→ **Records to process**

++++

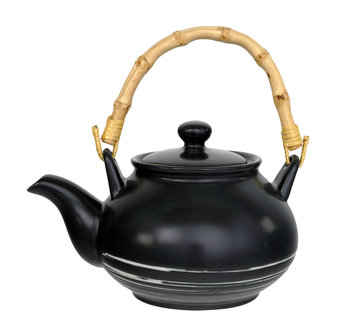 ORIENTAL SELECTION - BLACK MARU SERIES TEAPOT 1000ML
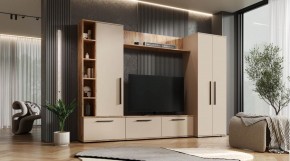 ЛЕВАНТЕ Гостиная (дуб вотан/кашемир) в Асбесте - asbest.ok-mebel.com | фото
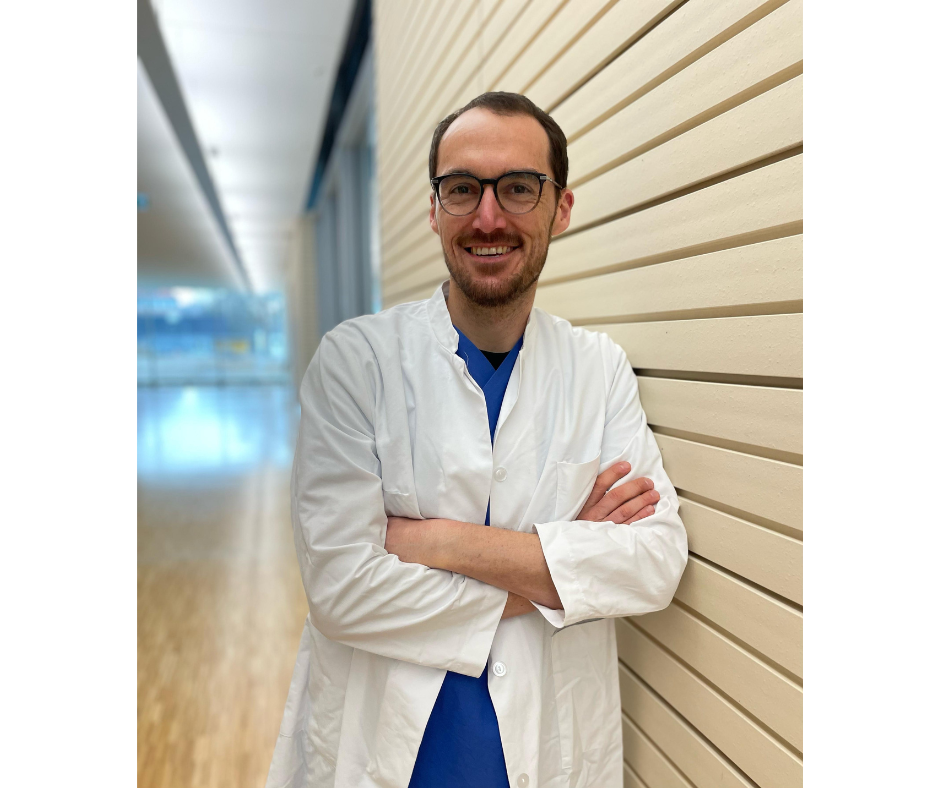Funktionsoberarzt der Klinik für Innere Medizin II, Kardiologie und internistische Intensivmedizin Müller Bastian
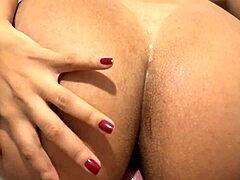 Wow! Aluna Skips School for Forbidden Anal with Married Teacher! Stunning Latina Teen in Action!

++++

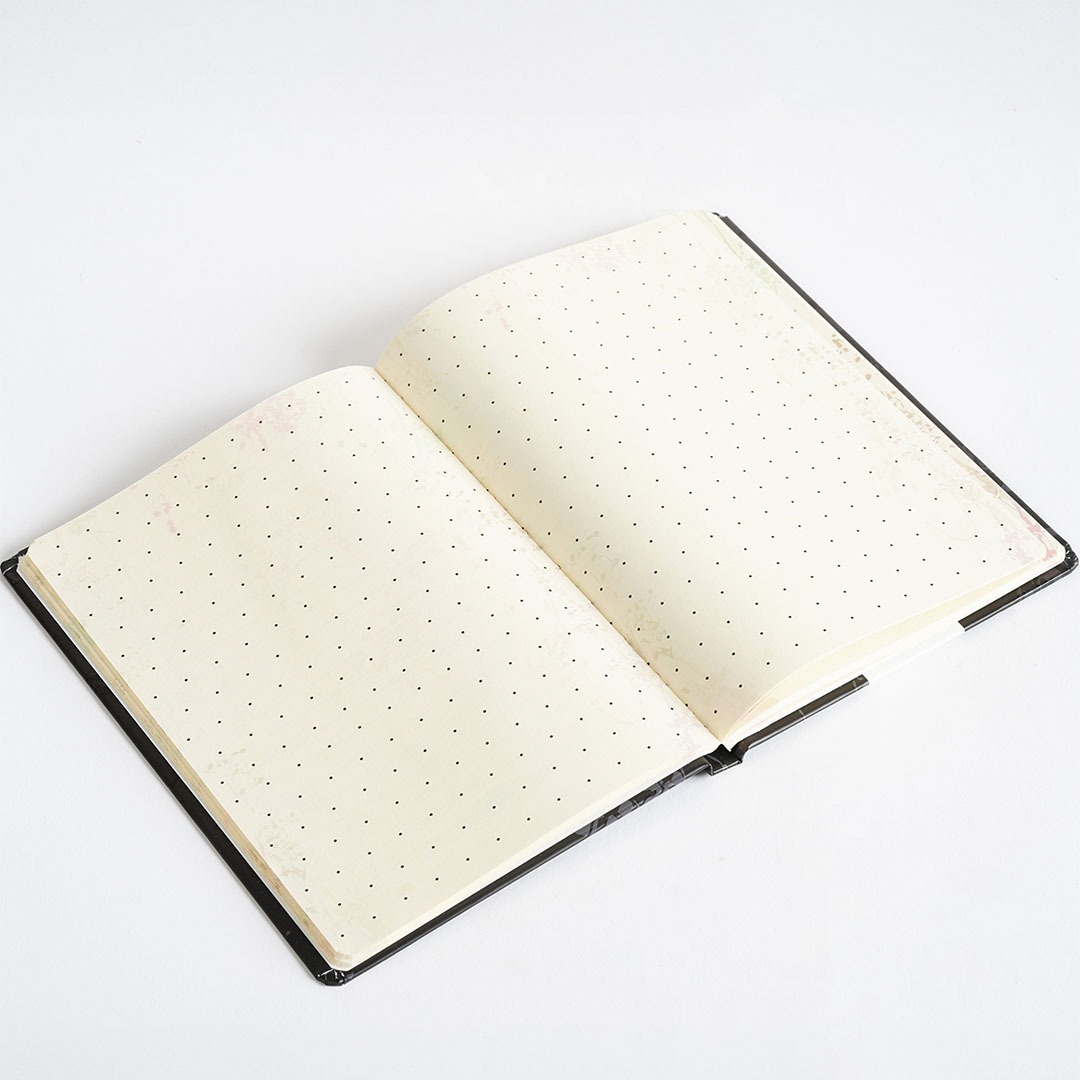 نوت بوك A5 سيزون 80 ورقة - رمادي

++++

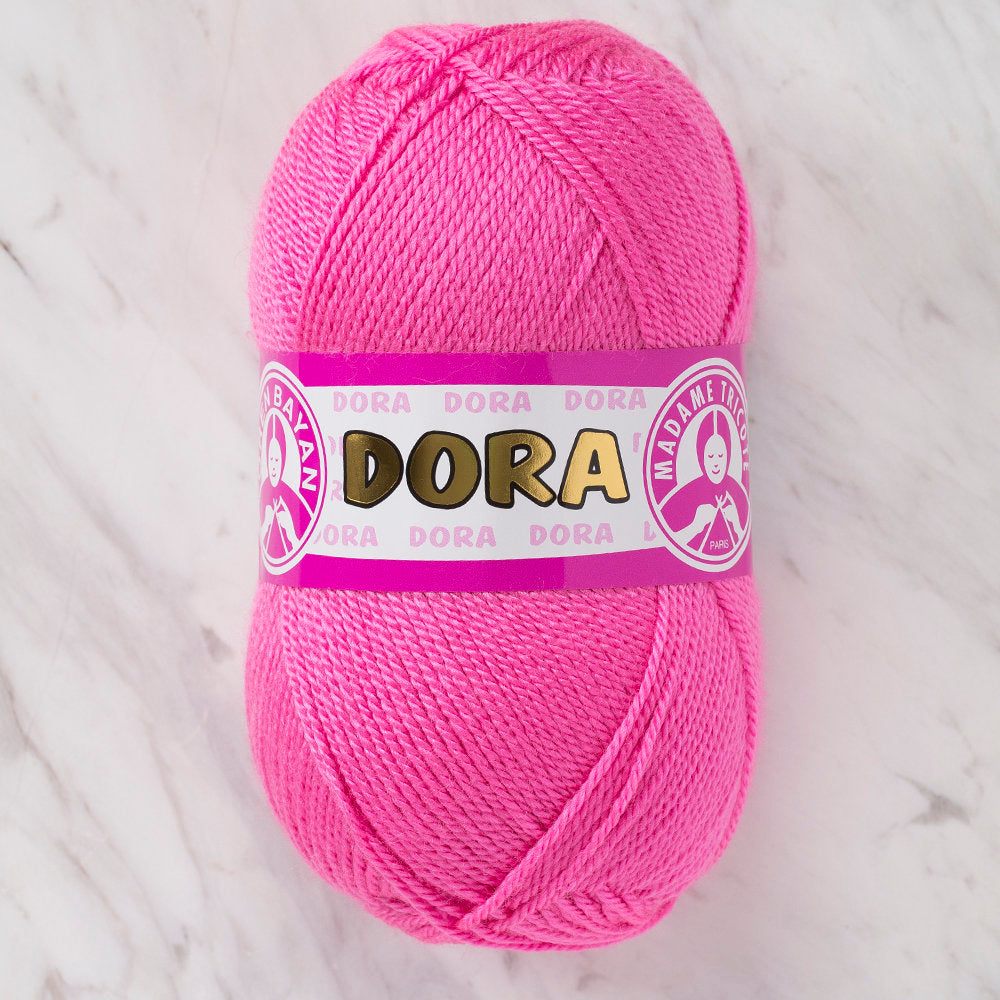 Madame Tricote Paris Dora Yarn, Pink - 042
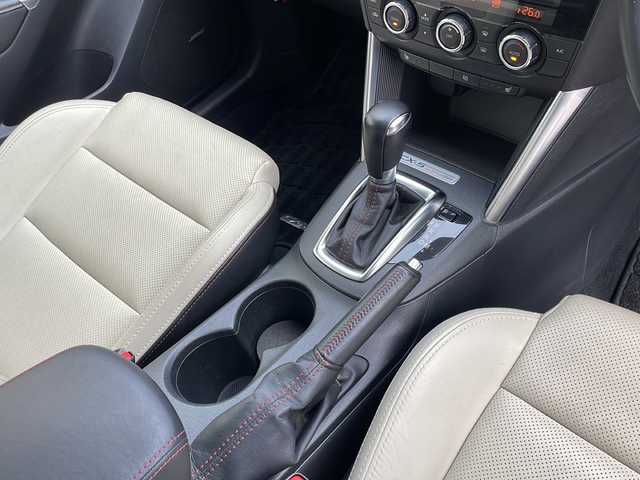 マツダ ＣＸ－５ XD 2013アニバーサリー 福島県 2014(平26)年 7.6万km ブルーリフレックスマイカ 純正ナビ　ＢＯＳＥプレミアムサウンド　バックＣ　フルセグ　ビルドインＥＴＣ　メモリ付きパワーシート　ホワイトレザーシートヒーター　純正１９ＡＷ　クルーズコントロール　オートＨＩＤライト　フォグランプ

++++

→ **Work to be completed**
Everything between and including the line above containing "Madame Tricote Paris Dora Yarn, Pink - 042" and the line containing "マツダ ＣＸ－５ XD" should be reproduced exactly, with pictures excluded.

→ **Response to this exercise**
 Madame Tricote Paris Dora Yarn, Pink - 042
 マツダ ＣＸ－５ XD 2013アニバーサリー 福島県 2014(平26)年 7.6万km ブルーリフレックスマイカ 純正ナビ　ＢＯＳＥプレミアムサウンド　バックＣ　フルセグ　ビルドインＥＴＣ　メモリ付きパワーシート　ホワイトレザーシートヒーター　純正１９ＡＷ　クルーズコントロール　オートＨＩＤライト　フォグランプ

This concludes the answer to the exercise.